Hope and Glory revient ce soir sur Arte. Nous avions rencontré son réalisateur pour la sortie de sa suite, Queen and Country, en 2015.
Queen and Country a été annoncé un peu partout comme votre dernier film. Alors, c’est vrai ? Vous tirez le rideau ?
Oui. Je crois. Sans doute. Je ne pense pas avoir l’énergie nécessaire pour continuer. Mais bon, regardez Manoel de Oliveira : il a 104 ans et tourne encore, donc je ne préfère pas trop m’avancer…
C’est la suite de Hope and Glory, qui, en 87, ressemblait déjà à un dernier film…
Ahaha ! Vous trouvez ? Vous dites ça parce que j’y évoquais mon enfance et que c’est un sujet de prédilection pour les vieux cinéastes…
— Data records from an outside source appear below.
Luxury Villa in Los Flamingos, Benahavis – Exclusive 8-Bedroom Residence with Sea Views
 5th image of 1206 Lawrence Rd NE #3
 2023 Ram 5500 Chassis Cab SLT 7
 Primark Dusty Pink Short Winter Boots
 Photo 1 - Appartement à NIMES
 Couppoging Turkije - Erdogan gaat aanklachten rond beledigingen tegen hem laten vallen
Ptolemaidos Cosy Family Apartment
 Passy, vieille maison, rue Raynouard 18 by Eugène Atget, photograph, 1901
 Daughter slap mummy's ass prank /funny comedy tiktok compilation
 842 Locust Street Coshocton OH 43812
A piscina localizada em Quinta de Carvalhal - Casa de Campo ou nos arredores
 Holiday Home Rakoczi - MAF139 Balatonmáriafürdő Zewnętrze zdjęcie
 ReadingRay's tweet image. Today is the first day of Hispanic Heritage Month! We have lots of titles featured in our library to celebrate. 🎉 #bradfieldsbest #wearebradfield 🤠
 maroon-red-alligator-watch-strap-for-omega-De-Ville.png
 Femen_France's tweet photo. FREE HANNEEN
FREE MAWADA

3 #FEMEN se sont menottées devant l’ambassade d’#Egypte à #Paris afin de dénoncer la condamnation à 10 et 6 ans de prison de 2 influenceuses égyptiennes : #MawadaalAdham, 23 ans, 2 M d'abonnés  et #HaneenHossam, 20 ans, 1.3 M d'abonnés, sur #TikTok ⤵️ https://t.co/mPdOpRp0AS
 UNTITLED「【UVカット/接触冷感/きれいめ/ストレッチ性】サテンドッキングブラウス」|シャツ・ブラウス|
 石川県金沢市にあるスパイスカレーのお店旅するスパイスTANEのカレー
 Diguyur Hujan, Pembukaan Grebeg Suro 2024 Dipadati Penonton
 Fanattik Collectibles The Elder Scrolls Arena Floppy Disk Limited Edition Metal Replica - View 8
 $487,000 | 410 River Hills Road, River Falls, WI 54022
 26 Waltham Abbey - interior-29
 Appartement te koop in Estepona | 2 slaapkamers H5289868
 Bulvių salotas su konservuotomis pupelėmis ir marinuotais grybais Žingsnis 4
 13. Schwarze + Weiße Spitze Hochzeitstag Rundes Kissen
Non, c’est un grand film récapitulatif, Hope and Glory. Comme une immense exégèse de votre œuvre. On a d’ailleurs l’impression que vous êtes devenu un autre cinéaste après ça, qu’il scinde votre filmo en deux…
Je ne crois pas que Hope and Glory soit un tournant ou quoi que ce soit. J’ai fait d’autres films très ambitieux après. Mais c’est vrai qu’il y a deux périodes dans ma carrière. D’abord, La Forêt d’Emeraude, Excalibur, Délivrance… Quand je partais à l’aventure et explorais le monde. Aujourd’hui, je fais des films plus contemplatifs. Mais c’est parce que je n’ai plus la force d’aller dans la forêt amazonienne. Alors je voyage dans le temps.
La Forêt d'Emeraude, le bijou de John Boorman
Queen and Country est sans doute ce que vous avez fait de plus drôle…
Je m’intéressais surtout aux ruptures de ton. C’est compliqué à faire, parce que le public n’aime pas être pris par surprise. Je trouve que ça marche pas mal, je suis plutôt content. Vous savez, l’art du cinéma est très difficile à maîtriser. Ça prend beaucoup, beaucoup de temps. Dans les années 80, quand David Lean essayait de monter Nostromo, il est tombé malade. Je suis allé lui rendre visite, et il me dit : « J’espère vraiment que je vais me remettre sur pied, parce que ça y est, je crois que j’ai enfin pris le coup de main. I’m getting the hang of it ! » Tous les cinéastes sont comme ça, des éternels débutants.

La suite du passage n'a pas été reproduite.